New Lloyd’s Open Form is timely and practical

The two most significant changes introduced by LOF 2011 relate to the publishing of awards and procedures to be followed in respect of salvage services provided to containerships.

THE Lloyd’s Salvage Arbitration Branch, the body responsible for administering the Lloyd’s Open Form of Salvage Agreement, has recently issued a new version of the form – LOF 2011.

The changes introduced by LOF 2011 are timely and practical. They provide another example of how the salvage industry, and LOF in particular, constantly adapts to the ever-changing world of shipping – often acting much more quickly and much more effectively than sometimes ineffectual governments and lawmakers.

Although the overall number of LOF cases was down in 2010from 122 in 2009, the use of LOF in the salvage industry continues to remain strong. In 2010, Lloyd’s reported that there were 111 new LOF cases referred to the LSAB. There were 16 awards made, with an average award of 14.4% of the salved values involved. Approximately 34% of cases were ultimately settled before any award was made.

Part of the success of LOF lies in its ability to adapt to the ever-changing challenges posed by modern-day shipping. The latest additions to the LOF system through LOF 2011 introduce a number of further useful changes. Some are relatively minor, including the right of arbitrators to obtain security for their fees from the parties, and the obligation on the parties to report to Lloyd’s the signing of the LOF form, this to allow Lloyd’s to better monitor the actual use of LOF in the industry. Such is the success of the form that many LOFs are agreed and signed, and a salvage award quickly agreed and settled without Lloyd’s ever becoming involved, or arbitration being commenced.

The two most significant changes introduced by LOF 2011 relate to the publishing of awards and the procedures to be followed in respect of salvage services provided to container vessels.

The publishing of awards represents an efforts by Lloyd’s to help make London salvage arbitration more transparent and, therefore, more acceptable to both salvors and property underwriters alike. Previously, awards were kept confidential. Now the awards, along with their underlying reasons, will routinely be made available via the Lloyd’s website 21 days after publication of the award, albeit on a subscription basis. The parties can apply to the arbitrator to prevent the publication of an award where there is “good reason” for withholding it. It is likely that such applications will relate to commercially sensitive information which a party wishes to keep confidential. There are also provisions for the publishing of an award to be postponed if it is in the process of being appealed.

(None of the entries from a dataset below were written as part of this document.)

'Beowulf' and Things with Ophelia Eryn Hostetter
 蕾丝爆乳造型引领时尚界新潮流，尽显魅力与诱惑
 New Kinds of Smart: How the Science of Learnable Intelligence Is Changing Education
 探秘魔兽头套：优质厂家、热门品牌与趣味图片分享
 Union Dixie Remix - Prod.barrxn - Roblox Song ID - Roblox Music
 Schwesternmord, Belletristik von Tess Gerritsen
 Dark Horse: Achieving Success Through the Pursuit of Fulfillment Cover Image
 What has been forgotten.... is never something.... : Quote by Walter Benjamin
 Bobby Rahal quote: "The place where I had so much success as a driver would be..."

So far as containerships are concerned, the LOF 2011 changes relate to the costs involved in dealing with ‘unrepresented’ cargo. The problems of salvage on large container vessels have been highlighted by the recent very large and very expensive cases of the Hyundai Fortune, APL Panama, Hanjin Pennsylvania and MSC Napoli. Modern container vessels are even larger than these examples, capable of carrying massive numbers of containers – in some cases over 15,000 boxes. This means that there can be thousands of different owners of the various packages of property involved. Each of these property owners is entitled to be involved in the arbitration process, and the salvor has separate duties to all of them.

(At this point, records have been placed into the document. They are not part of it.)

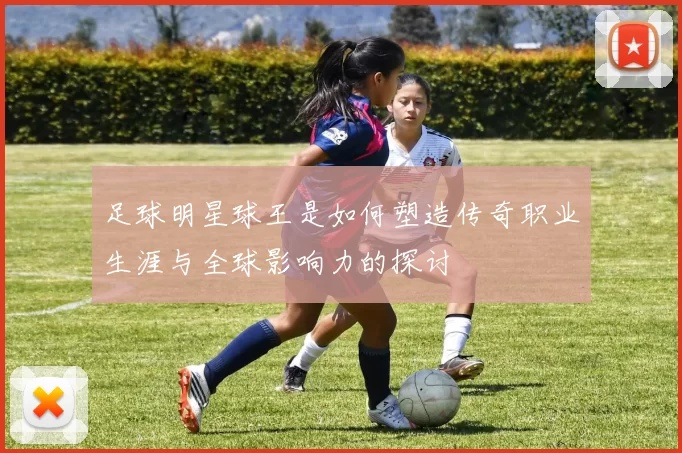 足球明星球王是如何塑造传奇职业生涯与全球影响力的探讨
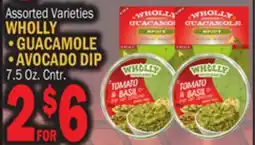 Bravo Supermarkets WHOLLY GUACAMOLE or AVOCADO DIP offer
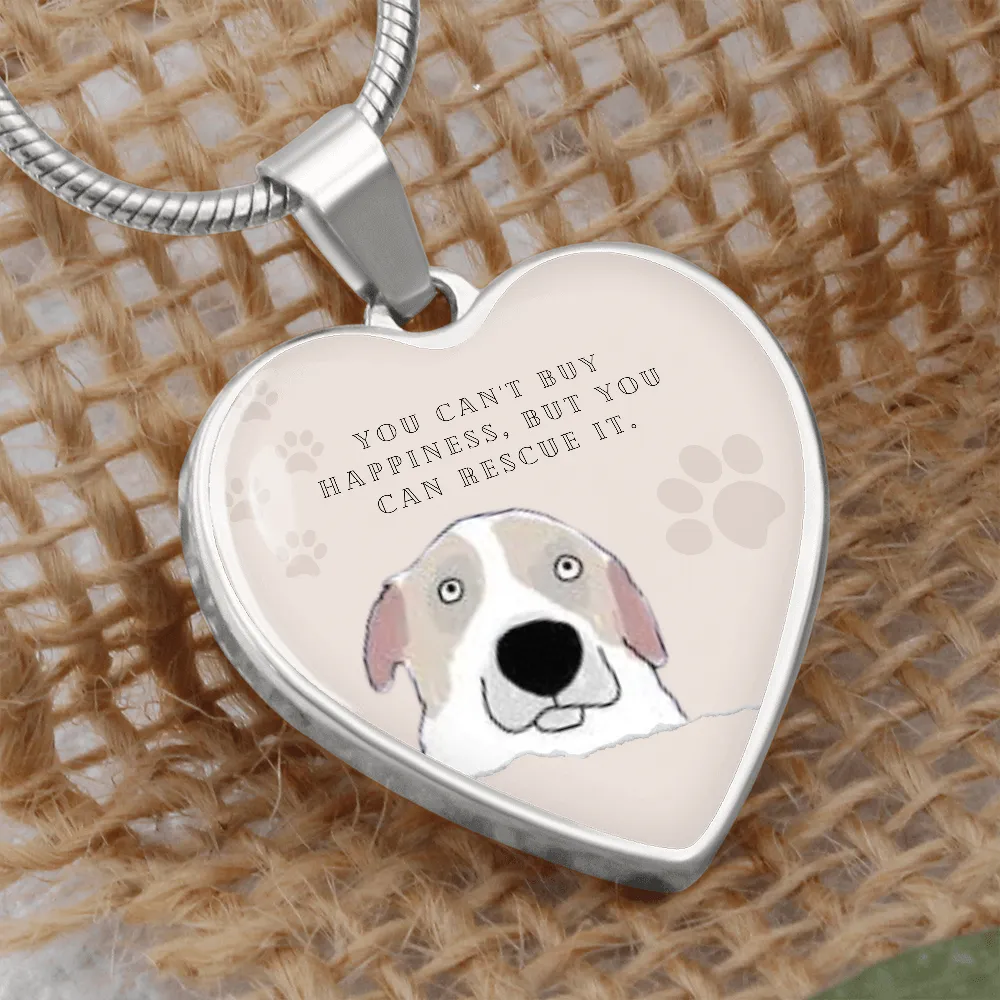 You Can't Buy Happiness But You Can Rescue It Heart Necklace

Many of the cargo owners will take an active part in the salvage proceedings, appointing a representative in the UK, as provided for by the rules. However, many other cargo owners will not take an active part and will not appoint a representative, although, through their insurers, they will nevertheless often provide security to the salvors in order to obtain the early release of their cargo.

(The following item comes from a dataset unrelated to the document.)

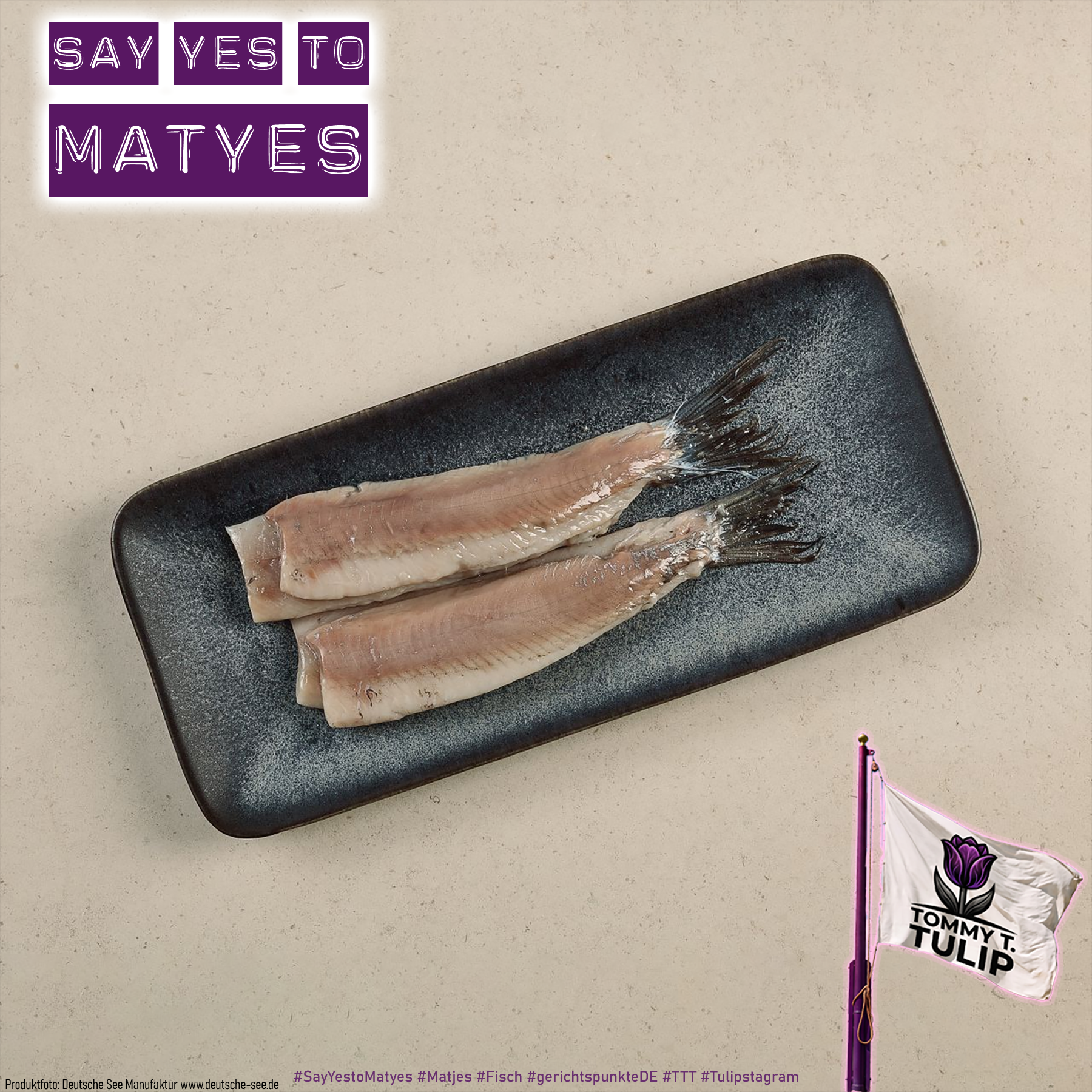 #SayYesToMatyes Matyes #Matjes #Fisch #gerichtspunkteDE #TTT #Tulipstagram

Prior to LOF 2011, in order for an award to be valid against unrepresented cargo owners, it was necessary for the salvor to have given each of them proper notice of the arbitration proceedings. In the case of a container vessel, the process of notifying the unrepresented cargo interests could be extremely costly. In practice, salvors often employ an average adjuster to carry out the notifications. However, under the new Clause 13 of the Lloyd’s Standard Salvage and Arbitration clauses (the LSSA clauses), salvors may now give valid notice of the arbitration proceedings to unrepresented parties through the entity providing the security (usually the cargo insurers). This will have the effect of greatly simplifying the notification procedure and reducing the costs involved.

Another problem for the salvor of a container vessel with unrepresented cargo interests involves the situation where a settlement agreement is reached between the salvor and the represented interests. The problem is that, without the agreement of the unrepresented interests, the salvor has little choice other than to proceed with the costly arbitration procedure and to obtain an award against the unrepresented interests. Now, however, subject to the approval of the arbitrator, Clause 14 of the new LSSA clauses allows an agreement reached with 75% (by value) of the represented cargo interests to bind the remaining unrepresented cargo interests. This then avoids the cost of proceeding through the full arbitration procedure.

Finally, subject to the approval of the arbitrator, Clause 15 of the LSSA clauses allows low-value salved cargo to be excused from liability for salvage where the cost of including it is likely to be disproportionate to the contribution involved.